Having found the line that holds "Jukin' Four Ducks Wall Decal", give that line and all lines after it again, word for word, through the end of the data below.

# [SUPPLIED DATA]
----
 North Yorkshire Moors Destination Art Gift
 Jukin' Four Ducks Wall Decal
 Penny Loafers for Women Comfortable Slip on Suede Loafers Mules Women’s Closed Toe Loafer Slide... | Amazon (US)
----
# [REPLY]
 Jukin' Four Ducks Wall Decal
 Penny Loafers for Women Comfortable Slip on Suede Loafers Mules Women’s Closed Toe Loafer Slide... | Amazon (US)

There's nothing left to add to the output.